SOMETIMES YOU get the 3 days' rest and sometimes the 3 days' rest gets you, or something like that.

This World Series has come down to two managers, Joe Girardi and Charlie Manuel, two men and two fundamental decisions they have made about how to use their pitching staffs. The contrast is rarely this stark and now there is no turning back.

Girardi has gambled on stressing his best arms. Manuel has calmly counted on the depth of his staff. Girardi has sent out CC Sabathia and A.J. Burnett on short rest and now seen Burnett blow up on him, giving the Phillies their opening. Manuel resisted the temptation to force the issue with Cliff Lee in Game 4 and was rewarded with resuscitation by Lee in Game 5, in what turned out to be a wild, 8-6 victory.

Now Andy Pettitte will likely pitch for the Yankees in Game 6 on short rest. Now Pedro Martinez will pitch for the Phillies on regular rest.

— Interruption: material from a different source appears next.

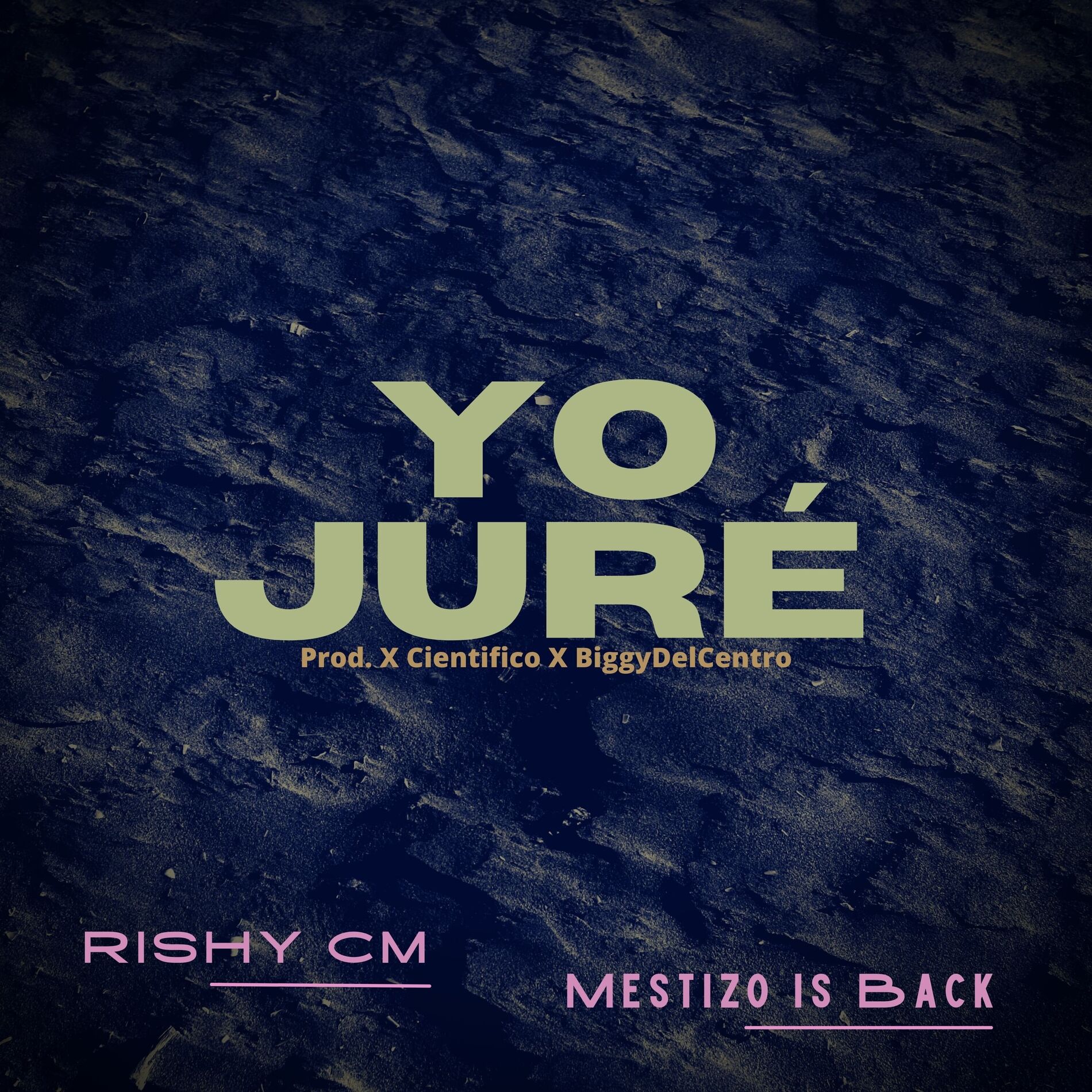 Album cover of Yo Juré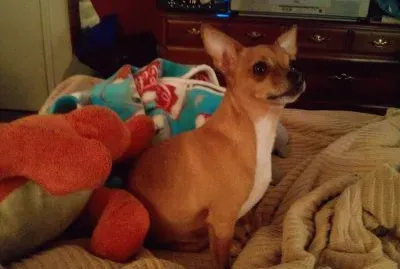 teena and julie and marti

And the Phillies can see daylight.

Manuel has been second-guessed, exhaustively. Forget that almost nobody wanted to deal with the predicate: that if Lee pitched Game 4 on short rest instead of Joe Blanton, Blanton still would have had to pitch Game 5. The only question was the order.

Manuel made this unspoken calculation: that the risk of starting Lee on short rest for the first time in his career was greater than the risk that his team would be irreparably demoralized if it fell behind in the series by three games to one. It was absolutely the right call. To do anything else would have been to panic.

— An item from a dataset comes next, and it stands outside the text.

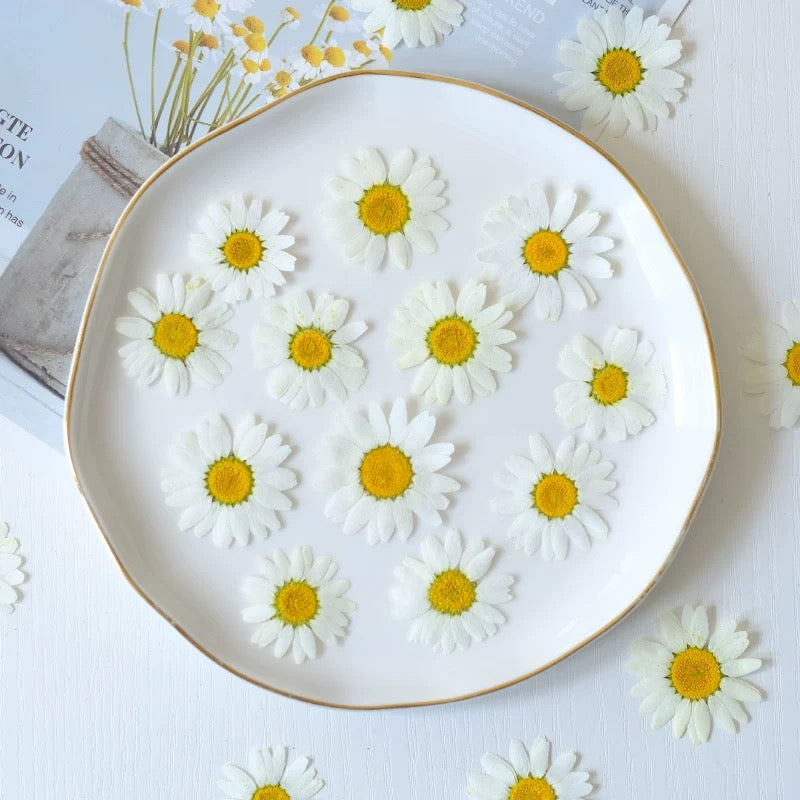 Pressed Daisy Flowers for Crafts – White Dried Flowers for Resin, Phone Case & DIY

Yet the second-guessing resounded.

"That doesn't bother me," Manuel said. "Like I said, I've seen it both ways. I've seen it work, and I've seen it not work . . .

"If we would have pitched Lee [in Game 4] and he would have won, we'd still need to win today's game. I mean, that's kind of the way I look at it. And who's to say that if Lee pitches tonight and we win, who's to say - he might pitch again."

And after watching Lee give the Phillies seven reasonable innings (five runs), and watching Burnett completely go ka-boom, failing to get an out in the third inning before departing, Manuel's words just hang there:

I've seen it work and I've seen it not work . . .

After the Yankees won Game 4 and took their 3-1 series lead, Girardi did have a decision. With his hard-earned cushion, the question was if he would insert lightly used starter Chad Gaudin into the Game 5 slot, moving Burnett back to Game 6.